La extensión me seduce desde el otro lado de la ventana,
una vez más, interminable.
Montañas lejanas que susurran sus misterios
entre senderos perdidos que ya nadie recorre.
Vuelvo a sentirme atraído por aquellos sutiles destellos,
o sombras, que entreveo en la distancia.
Imagino que son señales que marcan lugares sagrados,
lugares donde acecha la visión.
¿Qué pasó con el tiempo de esas piedras dormidas?
¿qué secretos estelares se descifran cada noche
en sus distantes cumbres?
Dejo que la carretera cante entre los neumáticos del bus
esa canción de cuna que tanto me gusta,
ese silbido sostenido que seduce mi mente,
aquietándola hasta el letargo.
Vuelo rasante sobre las planicies casi desérticas,
esquivando los pocos matorrales que logran sobrevivir
en estas latitudes.
Siento el viento fresco que acaricia mi rostro,
mis hombros, mis manos.
Respiro muy hondo ese aire que me acerca,
haciéndome cada vez más veloz.
Estoy en la nieve lejana, en la piedra, en el sol.
En el lomo de las pequeñas criaturas
que se arrastran buscando alguna sombra.
Siento el sabor de la tierra en mi garganta,
el olor de la nieve, el viento.
Cierro los ojos, cada vez más profundo…
cierro los ojos, queriendo retener esta sensación
más profundo, queriendo guardar en mi cerebro
la huella de esta percepción.
Si cada vez que estoy aquí,
grabo por más tiempo la huella, quizás…
después sea más fácil volver.
Al menos ya se que está en mi, que esta sensación es mía,
que esta fisura siempre está en el borde mismo del ojo.
Respiro profundo, dejo que me impregne, que me recorra…
Navego por las calles de mi ciudad, muy lento,
dejando que el tiempo se detenga,
que los gestos me regalen su secreto,
en ese borde donde todo se revela.
Una sutil inclinación de los hombros,
la mano descansa su dorso sobre los labios, olfateando.
Vuelan las palomas,
palmotean con sus alas rompiendo el silencio del aire,
una hoja cae lentamente cerca de mi,
y luego su quietud es magnífica.
Una niña juega con el agua de la fuente,
corre persiguiendo las gotitas que se quiere llevar el viento,
estira sus brazos queriendo atrapar hasta la última,
ya que sólo en su piel podrán descansar.
Inspira profundo el frescor y la humedad,
ya casi es verano … cierra los ojos y se hace más intenso.
Voy en busca de ese umbral,
esa fisura en el tiempo de las cosas y los mundos,
ese espacio entre lo pequeño y lo invisible
que ni siquiera los microscopios pudieran intuir.

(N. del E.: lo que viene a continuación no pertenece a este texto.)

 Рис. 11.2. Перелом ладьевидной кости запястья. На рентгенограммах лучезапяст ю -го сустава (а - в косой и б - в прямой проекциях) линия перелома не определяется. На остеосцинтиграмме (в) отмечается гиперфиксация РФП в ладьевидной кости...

Como es arriba es abajo, y entre medio el infinito.
Una mano coge la mía
y siento toda la ternura que es posible resistir,
antes de estallar…
De todos modos me deshago, mi piel se deshace,
mi sangre fluye lento y profundo, hacia abajo.
Mis células se deshacen una por una…
fractales de un dios que me respira,
y que ha decidido tocarme con su amor,
sostenerme con su amor.
Está en mis huesos, en mi boca, en mi sexo,
en las nubes que viven dentro de mi cabeza,
en ese sonido que no es posible escuchar con los oídos…
silencio,
silencio, silencio
Tengo un televisor que si lo enciendo ya no me veo.
Tengo un televisor, sólo para recordar que mi propia vida es el mejor programa que puedo elegir,
y que más me vale ponerle creatividad para que no baje el rating de mi mismo.
Un programa cuyo guión yo mismo debo escribir, con cada pequeña decisión, y a cada segundo.
Si va a ser de aventuras o ciencia ficción, romance o tragedia, es una elección que yo hago,
no algo que simplemente me sucede.
Y si acaso en este extraño intento me aburro, en buena hora, porque ya no quiero entre-tenerme.
Prefiero ese tiempo vacío que a veces desgarra, porque es justo ahí cuando todo se agrieta, y se hace posible.
Es ahí cuando “me tengo”, aunque sea en la desazón de no saber qué hacer. En ese fugaz momento de infinito fastidio,
en que me doy cuenta de la insoportable levedad de mis “productivos” afanes.
Aquí y ahora, me atrevo a sostener un “aburrimiento intencional”, y quizás,
si con mucho trabajo y constancia, logro transformarme en testigo ecuánime de aquel vacío
que evade toda definición, podré acercarme aunque sea un poco al insondable misterio de mi existencia.